Brief Biographical Sketch


Dickey, James (1923- 97), U.S. writer. One of the United States most distinguished poets and winner of the National Book Award for poetry, James Dickey was also a lecturer, teacher, critic, essayist, and novelist. He was perhaps best known as the author of the novel `Deliverance' (1970).

James Lafayette Dickey was born in Atlanta, Ga., on Feb. 2, 1923. In his youth he was involved in sports and was a freshman starter on the Clemson College varsity football team. In 1942, after one year in college, he enlisted in the Army Air Corps and served as a fighter-bomber pilot. He flew more than 100 missions in the Pacific for the 418th Night Fighter Squadron, and between missions he studied literature in base libraries. After World War II Dickey attended Vanderbilt University in Nashville, Tenn. The English major was also a track star and won the state championship in the 120-yard high hurdles. He graduated in 1949 and earned his master's degree, also from Vanderbilt, in 1950.

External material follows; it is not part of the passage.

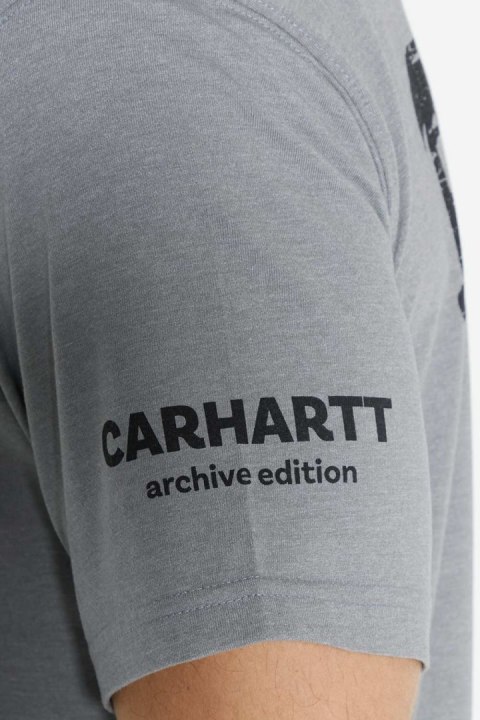 Koszulka Carhartt Streetcar Graphic Koszulka Carhartt Streetcar Graphic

Before being called back to duty in the Korean War, Dickey taught English at Rice Institute. During the war he sold his first poem, `Shark in the Window'.

Unable to support his family on a teacher's salary at the University of Florida, he went to work for an advertising agency in New York City. His first collection of poetry, `Into the Stone and Other Poems', was published in 1960. Despite a successful career in advertising, in 1961 Dickey decided to devote himself to his poetry. During his years as poet in residence at Reed College in Portland, Ore., San Fernando Valley State College in Los Angeles, and the University of Wisconsin, he published the poetry collections `Drowning with Others' (1962), `Helmets' (1964), and `Two Poems in the Air' (1964), and a collection of essays.

From 1966 to 1968 Dickey served as consultant in poetry to the Library of Congress. He was awarded the National Book Award for poetry in 1966 for `Buckdancer's Choice'.

Dickey settled in Columbia, S.C., in 1968, where he was poet in residence and a professor of English at the University of South Carolina. In 1970 the novel `Deliverance', which took Dickey seven years to write, was published to high praise. He also wrote the screenplay for the popular 1972 motion picture based on the novel and appeared in the movie. He died on Jan. 19, 1997, in Columbia.

His poetry often featured pilots, football players, and backwoodsmen, and themes included nature, metaphysics, history, and religion. His works were admired for their clarity, passion, and strength. He published more than 20 books, including the collections of poetry `Poems 1947-1967 ' (1967), `The Zodiac' (1976), and `The Whole Motion' (1992); and the collections of essays `Babel to Byzantium: Poets & Poetry Now' (1968), `Self-Interviews' (1970), and `Jericho: The South Beheld' (1974).